How cruel life can be for far too many people; losing a child and leaving the rest of life to mourn their loss. Bad enough a serious illness, an accident, some untoward circumstance of fate, but for those parents who have lost a child to the kind of chance that drew a murderer's path across that of their child,there will always be the horrible spectre of what their child faced, felt, feared and mortally succumbed to.

The mother of Michael Oatway, the 23-year-old man who was accosted, bullied, then murdered by an obliviously unrepentant younger man of brutish temperament, looking for someone vulnerable enough to fall victim to his psychopathy will never free her mind of the torment of his death. For her there is no rescue from the thought of her son desperately attempting to fend off the vicious attack that ended his life so precipitously.

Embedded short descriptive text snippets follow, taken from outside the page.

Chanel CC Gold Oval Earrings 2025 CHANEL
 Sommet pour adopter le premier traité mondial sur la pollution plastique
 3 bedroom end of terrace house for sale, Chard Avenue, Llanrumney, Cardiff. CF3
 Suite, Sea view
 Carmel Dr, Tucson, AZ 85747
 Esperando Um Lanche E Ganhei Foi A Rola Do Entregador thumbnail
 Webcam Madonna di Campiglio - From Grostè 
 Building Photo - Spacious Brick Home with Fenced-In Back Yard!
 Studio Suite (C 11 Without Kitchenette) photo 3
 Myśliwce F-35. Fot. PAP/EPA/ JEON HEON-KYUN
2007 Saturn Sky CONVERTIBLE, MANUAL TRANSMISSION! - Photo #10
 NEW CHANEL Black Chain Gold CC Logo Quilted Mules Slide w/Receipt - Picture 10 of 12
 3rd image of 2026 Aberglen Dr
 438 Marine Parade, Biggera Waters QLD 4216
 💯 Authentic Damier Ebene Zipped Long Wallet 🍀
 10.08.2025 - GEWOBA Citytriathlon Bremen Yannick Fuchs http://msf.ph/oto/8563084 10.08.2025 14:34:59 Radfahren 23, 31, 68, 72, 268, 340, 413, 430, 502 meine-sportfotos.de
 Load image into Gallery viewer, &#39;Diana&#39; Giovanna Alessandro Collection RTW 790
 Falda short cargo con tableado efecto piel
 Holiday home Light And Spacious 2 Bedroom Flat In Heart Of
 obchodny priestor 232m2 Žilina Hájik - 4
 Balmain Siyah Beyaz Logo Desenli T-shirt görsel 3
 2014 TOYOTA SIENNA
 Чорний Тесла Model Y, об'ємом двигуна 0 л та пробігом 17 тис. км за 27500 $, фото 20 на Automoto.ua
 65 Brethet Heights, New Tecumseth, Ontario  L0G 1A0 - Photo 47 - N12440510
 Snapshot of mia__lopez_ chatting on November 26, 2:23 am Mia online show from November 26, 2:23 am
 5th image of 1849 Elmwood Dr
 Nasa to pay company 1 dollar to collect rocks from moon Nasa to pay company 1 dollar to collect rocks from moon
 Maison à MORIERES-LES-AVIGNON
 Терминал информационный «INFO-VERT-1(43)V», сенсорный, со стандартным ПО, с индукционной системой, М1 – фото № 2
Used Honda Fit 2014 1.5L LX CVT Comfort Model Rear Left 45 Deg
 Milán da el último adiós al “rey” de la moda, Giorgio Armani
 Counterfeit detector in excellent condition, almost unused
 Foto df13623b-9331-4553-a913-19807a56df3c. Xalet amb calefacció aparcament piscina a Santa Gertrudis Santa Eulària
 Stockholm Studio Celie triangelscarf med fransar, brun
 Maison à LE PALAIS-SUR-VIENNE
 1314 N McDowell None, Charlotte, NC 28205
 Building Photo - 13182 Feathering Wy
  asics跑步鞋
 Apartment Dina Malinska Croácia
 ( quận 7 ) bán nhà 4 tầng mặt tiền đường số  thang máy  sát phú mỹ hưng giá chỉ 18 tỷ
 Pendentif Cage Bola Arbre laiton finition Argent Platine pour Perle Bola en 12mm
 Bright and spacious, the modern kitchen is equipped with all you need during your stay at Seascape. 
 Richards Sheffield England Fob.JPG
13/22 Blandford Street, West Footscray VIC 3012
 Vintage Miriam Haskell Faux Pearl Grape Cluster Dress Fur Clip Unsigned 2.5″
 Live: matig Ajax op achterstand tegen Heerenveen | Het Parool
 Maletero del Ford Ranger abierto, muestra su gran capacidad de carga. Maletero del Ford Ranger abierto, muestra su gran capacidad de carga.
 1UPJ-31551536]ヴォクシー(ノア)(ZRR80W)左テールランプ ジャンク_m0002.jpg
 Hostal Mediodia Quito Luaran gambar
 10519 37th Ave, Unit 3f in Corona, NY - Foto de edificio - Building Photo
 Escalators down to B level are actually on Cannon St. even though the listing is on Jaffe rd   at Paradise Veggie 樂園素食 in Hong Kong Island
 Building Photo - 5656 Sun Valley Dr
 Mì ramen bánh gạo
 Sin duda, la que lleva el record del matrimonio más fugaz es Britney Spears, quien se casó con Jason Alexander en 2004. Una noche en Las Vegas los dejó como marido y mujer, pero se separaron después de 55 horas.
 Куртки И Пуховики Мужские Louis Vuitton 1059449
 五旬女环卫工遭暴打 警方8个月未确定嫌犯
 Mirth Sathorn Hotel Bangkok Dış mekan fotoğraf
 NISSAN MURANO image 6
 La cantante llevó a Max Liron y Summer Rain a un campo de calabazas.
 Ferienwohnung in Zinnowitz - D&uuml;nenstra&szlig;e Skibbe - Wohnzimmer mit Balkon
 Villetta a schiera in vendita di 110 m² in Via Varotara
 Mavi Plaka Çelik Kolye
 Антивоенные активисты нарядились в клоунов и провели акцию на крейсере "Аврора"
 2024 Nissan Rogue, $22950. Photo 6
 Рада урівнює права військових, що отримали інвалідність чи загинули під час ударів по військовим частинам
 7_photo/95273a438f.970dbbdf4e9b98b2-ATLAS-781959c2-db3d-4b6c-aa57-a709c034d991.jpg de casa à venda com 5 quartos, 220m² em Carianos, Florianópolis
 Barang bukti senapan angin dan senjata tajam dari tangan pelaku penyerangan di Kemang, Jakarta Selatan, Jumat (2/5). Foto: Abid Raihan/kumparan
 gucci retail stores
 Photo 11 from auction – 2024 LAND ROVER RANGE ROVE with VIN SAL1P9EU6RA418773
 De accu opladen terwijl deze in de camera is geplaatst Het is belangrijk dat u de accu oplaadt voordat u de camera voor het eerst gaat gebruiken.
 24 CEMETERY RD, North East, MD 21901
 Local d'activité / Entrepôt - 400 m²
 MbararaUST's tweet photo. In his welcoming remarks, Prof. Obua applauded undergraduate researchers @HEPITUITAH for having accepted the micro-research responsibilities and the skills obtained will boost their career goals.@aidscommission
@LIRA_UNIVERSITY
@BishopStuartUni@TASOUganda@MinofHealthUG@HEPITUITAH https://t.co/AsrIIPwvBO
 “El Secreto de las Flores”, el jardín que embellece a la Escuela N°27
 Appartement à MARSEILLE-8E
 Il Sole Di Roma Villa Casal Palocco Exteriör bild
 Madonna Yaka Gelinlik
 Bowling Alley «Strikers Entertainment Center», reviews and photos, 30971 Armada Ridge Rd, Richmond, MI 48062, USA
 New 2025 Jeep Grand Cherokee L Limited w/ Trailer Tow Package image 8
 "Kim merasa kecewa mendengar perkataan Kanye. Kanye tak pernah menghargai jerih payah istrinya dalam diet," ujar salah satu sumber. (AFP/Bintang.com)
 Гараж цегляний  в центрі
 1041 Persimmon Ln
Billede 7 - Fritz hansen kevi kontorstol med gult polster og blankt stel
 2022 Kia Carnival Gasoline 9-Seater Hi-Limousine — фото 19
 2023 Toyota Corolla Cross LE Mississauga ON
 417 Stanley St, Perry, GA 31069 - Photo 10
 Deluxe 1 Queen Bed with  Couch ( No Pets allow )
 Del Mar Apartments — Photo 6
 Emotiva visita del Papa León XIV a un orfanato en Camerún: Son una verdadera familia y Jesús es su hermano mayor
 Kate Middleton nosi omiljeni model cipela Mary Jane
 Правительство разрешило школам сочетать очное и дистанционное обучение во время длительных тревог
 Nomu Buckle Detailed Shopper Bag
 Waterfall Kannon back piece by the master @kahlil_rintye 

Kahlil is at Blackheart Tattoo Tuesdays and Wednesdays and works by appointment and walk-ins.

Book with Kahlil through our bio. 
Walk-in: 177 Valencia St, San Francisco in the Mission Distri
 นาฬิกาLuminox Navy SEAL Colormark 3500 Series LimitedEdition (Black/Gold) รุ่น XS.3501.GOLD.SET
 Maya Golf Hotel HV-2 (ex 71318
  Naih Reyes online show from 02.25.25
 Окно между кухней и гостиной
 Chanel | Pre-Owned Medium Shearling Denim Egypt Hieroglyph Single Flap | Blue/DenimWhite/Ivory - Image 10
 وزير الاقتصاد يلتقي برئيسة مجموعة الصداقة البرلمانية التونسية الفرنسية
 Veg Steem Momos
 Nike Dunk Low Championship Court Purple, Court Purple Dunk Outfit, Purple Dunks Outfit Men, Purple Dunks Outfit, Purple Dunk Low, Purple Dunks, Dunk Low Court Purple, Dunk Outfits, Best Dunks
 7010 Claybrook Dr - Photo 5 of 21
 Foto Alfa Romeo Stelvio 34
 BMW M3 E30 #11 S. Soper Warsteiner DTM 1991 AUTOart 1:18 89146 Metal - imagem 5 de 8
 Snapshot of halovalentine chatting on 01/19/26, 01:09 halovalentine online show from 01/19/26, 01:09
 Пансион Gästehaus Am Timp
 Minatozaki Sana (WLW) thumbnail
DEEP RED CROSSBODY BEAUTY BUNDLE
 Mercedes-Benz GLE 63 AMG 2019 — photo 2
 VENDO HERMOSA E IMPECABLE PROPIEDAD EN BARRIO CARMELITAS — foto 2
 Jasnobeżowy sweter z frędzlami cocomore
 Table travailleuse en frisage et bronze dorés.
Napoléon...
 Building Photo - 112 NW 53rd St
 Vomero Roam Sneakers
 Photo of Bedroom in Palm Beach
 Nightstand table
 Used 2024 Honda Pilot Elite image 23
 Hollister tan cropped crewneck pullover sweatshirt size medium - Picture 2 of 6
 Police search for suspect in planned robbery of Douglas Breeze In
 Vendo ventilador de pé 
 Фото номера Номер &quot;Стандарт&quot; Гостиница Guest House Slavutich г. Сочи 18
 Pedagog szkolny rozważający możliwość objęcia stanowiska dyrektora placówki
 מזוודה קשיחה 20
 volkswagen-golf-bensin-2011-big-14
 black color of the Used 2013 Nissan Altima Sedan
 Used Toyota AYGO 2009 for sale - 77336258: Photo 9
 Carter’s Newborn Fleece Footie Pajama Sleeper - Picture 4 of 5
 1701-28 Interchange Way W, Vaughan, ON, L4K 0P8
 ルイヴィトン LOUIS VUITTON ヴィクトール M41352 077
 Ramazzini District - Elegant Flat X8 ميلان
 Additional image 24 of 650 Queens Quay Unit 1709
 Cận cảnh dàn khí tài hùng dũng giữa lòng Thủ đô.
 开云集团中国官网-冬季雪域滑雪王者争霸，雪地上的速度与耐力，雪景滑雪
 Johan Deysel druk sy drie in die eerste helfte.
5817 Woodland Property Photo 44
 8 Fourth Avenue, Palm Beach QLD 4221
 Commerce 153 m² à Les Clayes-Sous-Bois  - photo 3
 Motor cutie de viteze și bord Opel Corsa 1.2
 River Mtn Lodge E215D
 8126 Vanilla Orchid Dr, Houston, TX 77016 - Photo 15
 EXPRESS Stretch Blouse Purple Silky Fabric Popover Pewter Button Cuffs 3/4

She sat in the courtroom while her son's killer heard the presiding judge explain his reasons for pronouncing on his sentencing as an adult, one who demonstrated no remorse whatever at having murdered another human being. Cathy Oatway looked for some sign, however slight, in the face of Shawn McKenzie, that might lead her to believe that he felt the slightest remorse, regret for killing her son.

There was nothing at all to be seen, other than his irritation at the inconvenience to his near future occasioned by the murder charge and the resulting judgement. And there, seated in the courtroom, were the symbols of his oppression, the family of the young man he had murdered in the heat of contempt and rage and uncontrolled fury that anyone would have the nerve to deny his demands of them.

In the psychopath's mind, a refusal to submit to demands are tantamount to being humiliated before his friends, gathered around him, a living, breathing concatenation on a public transit conveyance of hardened young hoodlums. Overbearing boors, nasty little minds, social misfits, budding criminals. Looking for the vulnerable to prey upon, to serve their miserable egos.

The murdered man's mother sought out the humanity in the eyes of her son's murderer.
"Even at the sentencing, he was asked if he had anything to say, and he didn't. And as he was leaving, he was still staring us down. He's defiant. I think he feels we have been a great inconvenience to him." As for the mother of the sentenced felon solicitously offering her condolences, no such thing.

Instead, the convicted murderer's mother claimed, "It's just a random incident. You can't name my son as a killer. A killer is someone out there like that pig man", referring to serial killer Robert Pickton. Well, society's vicious psychopaths have to start somewhere, don't they, and her son started his career in a very public venue. But no, not her son: "That's a killer. They have that killer instinct. My son is an accident".

Not at all; rather a killer awaiting the right moment, and he chose that moment, to deprive another human being of his most precious asset. The difference between this woman's son and the British Columbia serial killer is merely one of maturity; each sought his opportunity, but in different ways; the serial killer discreetly, her son arrogantly, publicly. But he will have other opportunities, once his sentence has been served.

Michael Oatway's mother bemoans her dreadful loss. Recalling her son's smile, his laugh, his childhood years. She finds comfort in finding bird feathers, imagining her son is sending a message to her, from afar. She cannot imagine a mother raising a child without loving discipline, without insisting that the child learn respect for others and to take responsibility for their actions.

She, like the mother of the murderer, was a single parent, raising children on her own, having to work outside the house, struggle to make ends meet, and meet her responsibility to raise dependable, loving and socially well-adjusted individuals. She succeeded through sheer force of personal responsibility, love for her children and strength of character.

She knows that a mother incapable of facing her child and declaring him to have been guilty of a monumental crime, and turning to the victim to offer her own regrets, was capable of failing the emotional and practical needs of her child. Knowing that, and understanding how different this woman is from herself, brings her no comfort, however.

Nothing can comfort her in her unspeakable loss. But it might help her recovery toward accepting that loss if she knew that sheer evil did not roam the world in the guise of belligerent young men raised by irresponsible mothers incapable of teaching them respect, compassion and social responsibility.